Weil der einzelne Umsatz unter § 9 UStG fällt (Rz. 60ff.), ist bei den von § 4 Nr. 12 UStG erfassten Dauerleistungen von Teilleistungen für den jeweiligen Zeitraum auszugehen, für welchen das Entgelt vereinbart wird, z. B. also Tag, Monat, Vierteljahr, Jahr. Für diese selbstständigen Teilleistungen kann § 9 UStG jeweils angewandt werden (Rz. 61).

 

Rz. 135

Zu der Sachverhaltsgestaltung, dass bei einem längerfristigen Mietvertrag zunächst eine mietzinsfreie Zeit vereinbart wird, vertritt die OFD Saarbrücken in ihrer Verfügung v. 1.8.1986[4] die zutreffende Auffassung, dass für die mietzinsfreie Zeit mangels Entgelt die Anwendung des § 9 UStG ausgeschlossen ist. Damit greift beim Vermieter das Vorsteuerabzugsverbot des § 15 Abs. 2 Nr. 3 UStG ein. Erst mit der Zahlung der Miete kann § 9 UStG Wirkung erlangen, ggf. mit der Folge der Anwendbarkeit des § 15a UStG bezüglich des vermieteten Grundstücks.

 

Rz. 136

Wenn die Vermietung an einen Mieter erfolgt, der zu dem in § 10 Abs. 5 UStG genannten Personenkreis gehört, führt die Anwendung des § 9 UStG bei der sog. Mindestbemessungsgrundlage des § 10 Abs. 5 i. V. m. § 10 Abs. 4 UStG dazu, dass über die Mindestbemessungsgrundlagen gem. § 14 Abs. 4 S. 2 UStG eine Rechnung mit offenem Steuerausweis auf die Mindestbemessungsgrundlage erteilt werden kann, sodass beim Mieter keine nichtabzugsfähige Vorsteuer "hängen bleibt".

 

Rz. 137

In einem Fall, in dem ein Mieter gegen eine Abstandszahlung durch den Vermieter darauf verzichtete, den Mietvertrag bis zum Ende durchzuführen, hat der EuGH in seinem Urteil v. 15.12.1993[5] entschieden, dass dieses Entgelt für die Verzichtsleistung des Mieters unter die Steuerbefreiung für Vermietungsumsätze gem. Art. 13 Teil B Buchst. b der 6. EG-Richtlinie (jetzt Art. 135 Abs. 1 Buchst. l MwStSystRL) fällt. Damit ist auch, falls die sonstigen Voraussetzungen beim Mieter vorliegen, ein Verzicht auf die Steuerbefreiung gem. § 4 Nr. 12 UStG nach § 9 UStG für dieses Entgelt zulässig. Die Begründung des EuGH für sein Verständnis ist schwer nachzuvollziehen; sie ist am ehesten verständlich, wenn man sich vorstellt, dass der Mieter das Grundstück für die nicht ausgenutzte Mietzeit gleichsam an den Vermieter zurückvermietet, sodass das Entgelt dann einer Miete des Vermieters an den Mieter gleichsteht.

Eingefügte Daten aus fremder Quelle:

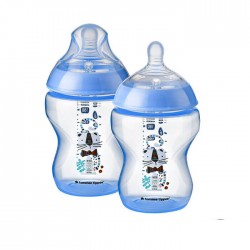 Tommee Tippee Closer to Nature 260ml PP 印花奶瓶 - 藍色 (兩個裝)
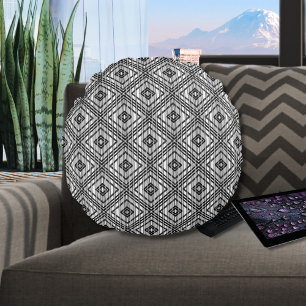 Modern zwart wit Abstract skyline patroon Rond Kussen
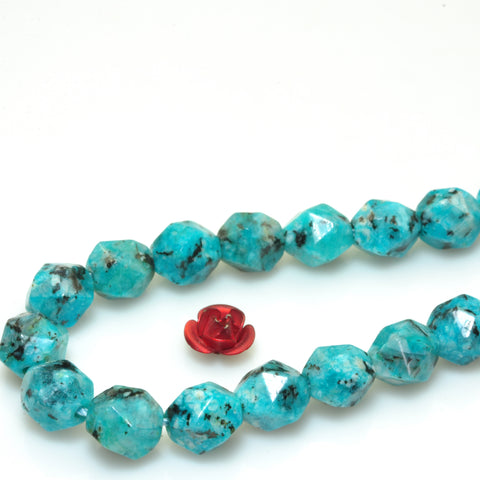 YesBeads Granite stone blue speckled black star cut faceted nugget beads gemstone wholesale jewelry making 15"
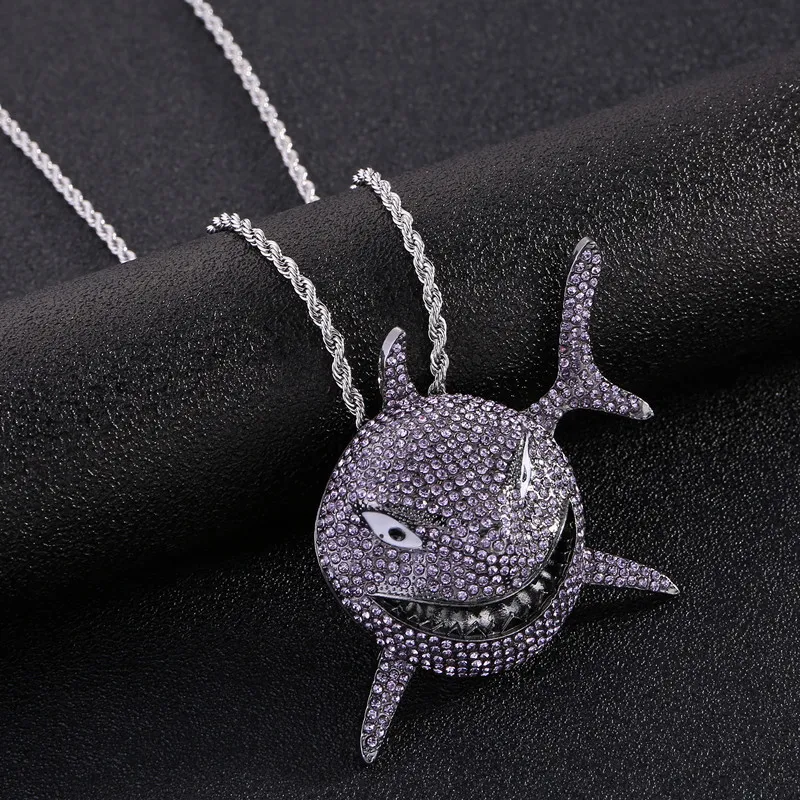Mens Big Shark Iced Out Pendants 6IX9INE Hip Hop Bling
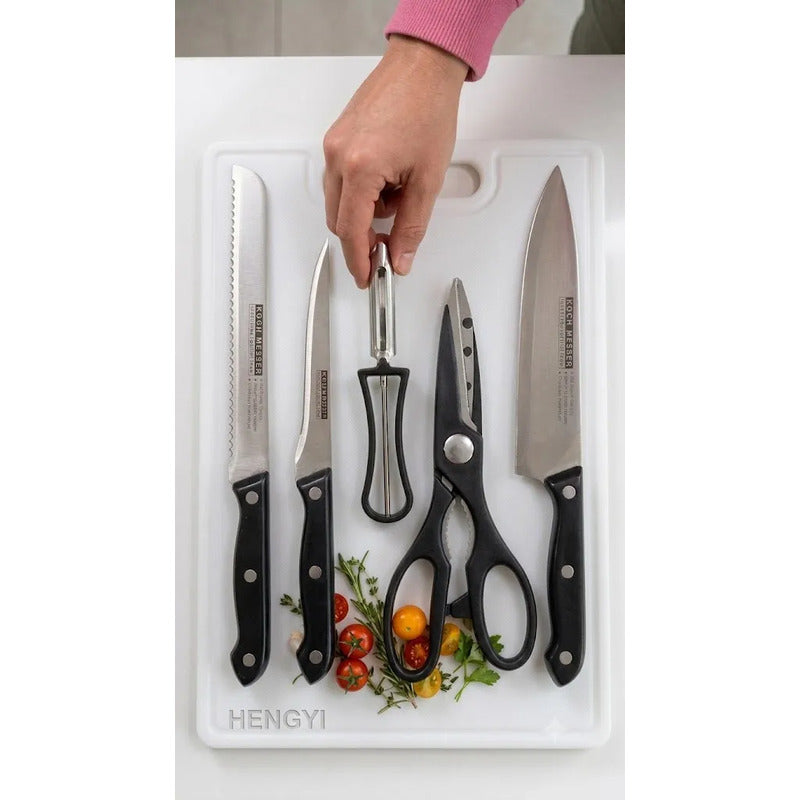 Set de Cocina Completo con Tabla y Cuchillos Profesionales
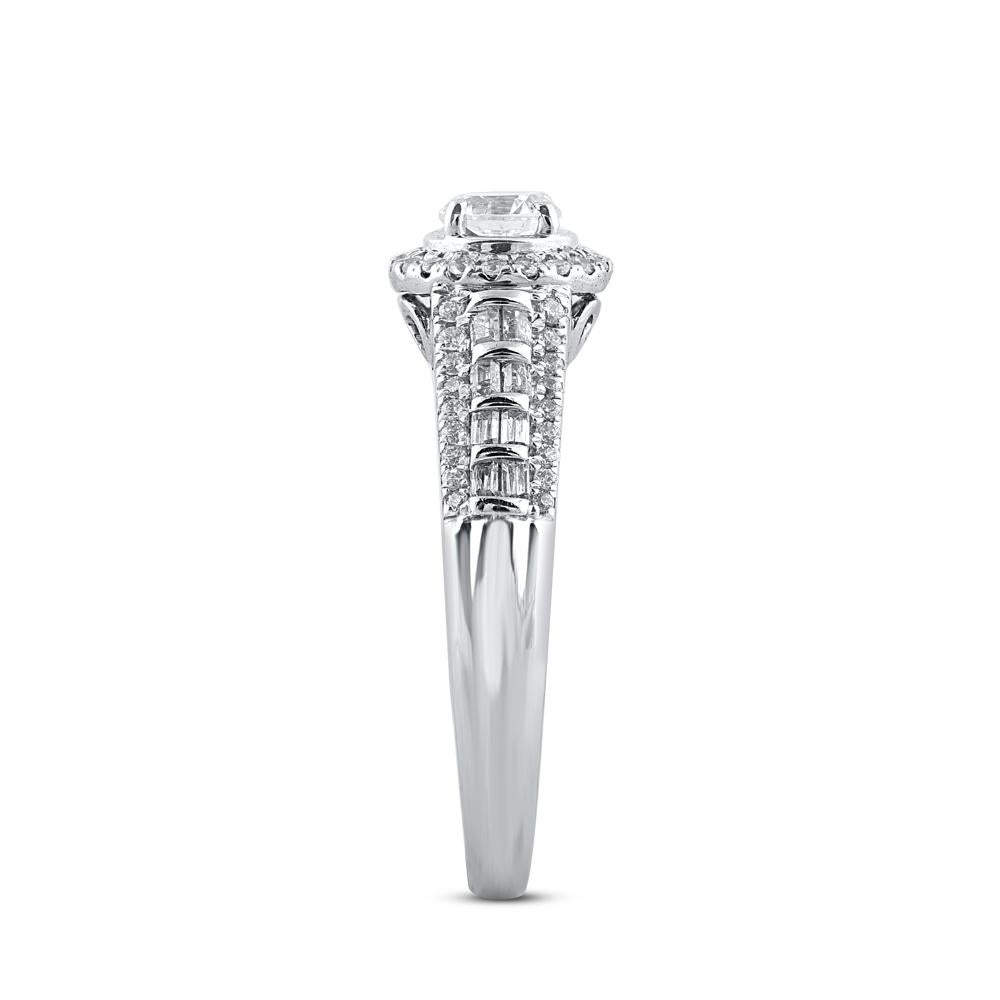 Mixed Cut TJD 0.75 Carat Round and Baguette Diamond 14KT White Gold Halo Engagement Ring For Sale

[1] BFH v. 23.10.2019, V R 46/17, BFH/NV 2020, 302, MwStR 2020, 265 m. Anm. Schumann.
[2] ABl. EG Nr. L 102, 18.
[3] Langer, DB 1995, 995; Huschens, UR 1995, 241.
[4] OFD Saarbrücken v. 1.8.1986, S 7304 – 5 – St 241, UR 1986, 305.
[5] EuGH v. 15.12.1993, C-63/92, Lubbock Fine, Haufe-Index 60577, BStBl II 1995, 490.

3.3.1 Zwischenvermietung

 

Rz. 138

Die zur Vermeidung einer Vorsteuerberichtigung gem. § 15a UStG notwendige Dauer der Anwendung des § 9 UStG auf die gem. § 4 Nr. 12 UStG steuerfreien Vermietungsumsätze von 10 Jahren...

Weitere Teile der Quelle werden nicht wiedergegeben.